I recently demoed a number of this years skis on groomed hard pack in the hills of the upper midwest. With some I got what I would call a bad mid ski hop / chatter on higher speed quick carving turns. I wanted to test how they felt if I needed to be evasive in an emergency or wanted to drive them hard. Vokl AC30's and Nordica Top Fuel 170's did pretty good, but the K2 Recon 176's and Magfire 10 174' had the chatter.

In the past I have skied an older pair of 188 K2 X15's (that I think have lost some spring), or ~170cm 2+ year old demos or "advanced skier" generic rentals. The K2's are from around 2000 I think, and the latter were more recent shaped skis. I ski the shaped skies with my feet about shoulder width apart and carve turns by rolling / tilting my feet. I never got any chatter with these skis. My K2's had a fresh tune, some of the old demos had a very good edge, and some of the rentals had good edges. These skis worked well at higher speeds, and were more prone to washing out / slipping if I made quick carving turns and over powered the ski. I prefer this to the choppiness of some of the skis I tried.

I still tend to want to drive the tips harder when making quick higher speed turns. I have gotten mixed advice on how much I need drive the tip with shaped skis when pushing them or I may be trying to rotate them (like early -mid '90's skis) since I am driving them hard and falling back on old habits.

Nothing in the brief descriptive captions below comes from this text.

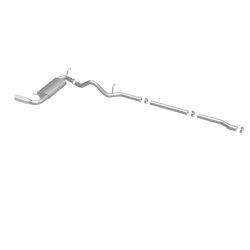 MagnaFlow 2007-2011 Jeep Wrangler Série Route Cat-Back Système d'Échappement Performance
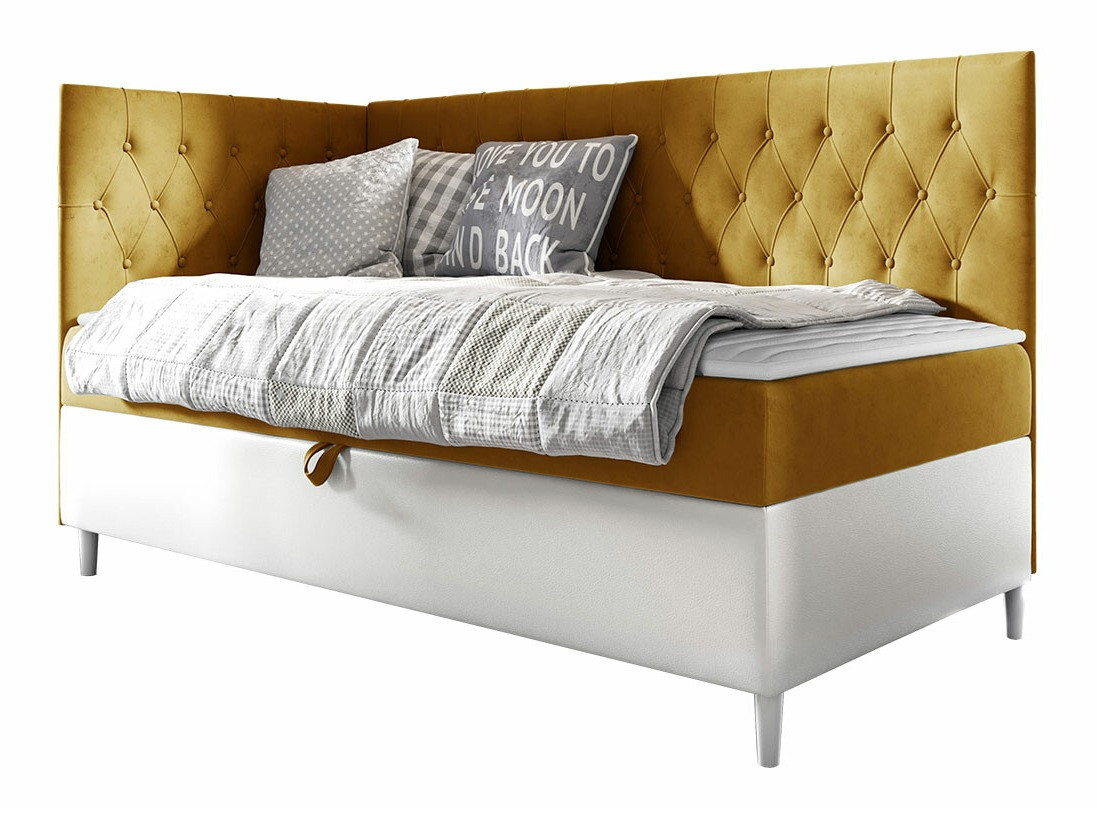 Boxspring krevet Lucus III (Soft 017 + Fresh 37)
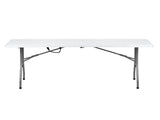 6FT Outdoor Courtyard Foldable Long Table 50662573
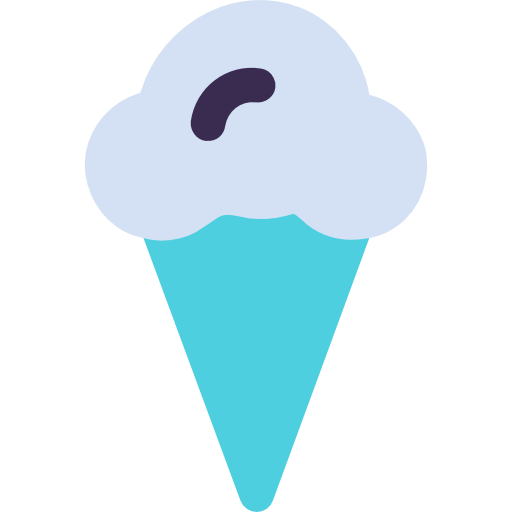 Ice cream Kiranshastry Flat icon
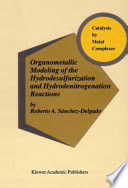 Organometallic modeling of the hydrodesulfurization and hydrodenitrogenation reactions /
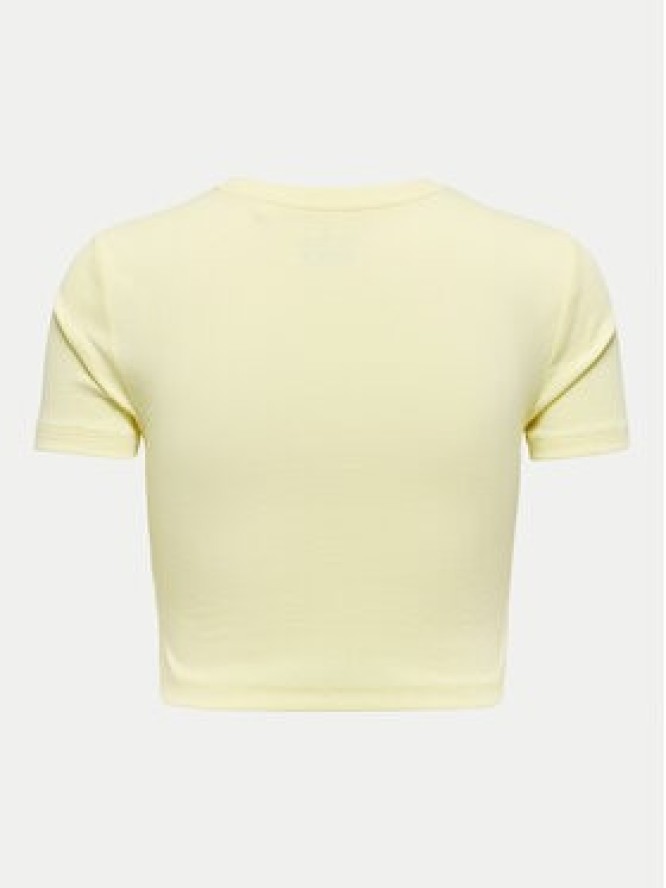 ONLY T-Shirt Betty 15311891 Żółty Regular Fit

I have also been told I need to look at longer skis or more top of the line models. Since I am still working at getting better at moguls and enjoy ski trails, I like the shorter skis and am not sure if I want to go much longer than 170's.

I also wonder if it might have been the snow conditions. Would the skis have less chatter in conditions closer to CO. If the skis don't work as well on the upper midwest type hard pack but would work well in CO, I would rather have that. I could learn how to deal with them in midwest, you can only have so much fun on a hill :.

Lastly is there a technique so that they would slide vs chatter. I have heard this is not really possibly with the newer shaped skis unless you start the turn with a slide. At the time I didn't think of trying to slide them mid turn. By habit I tend to carve turns especially in any emergency conditions, and in the past if I needed to scrub speed it was easy to slide skis in anywhere in the turn.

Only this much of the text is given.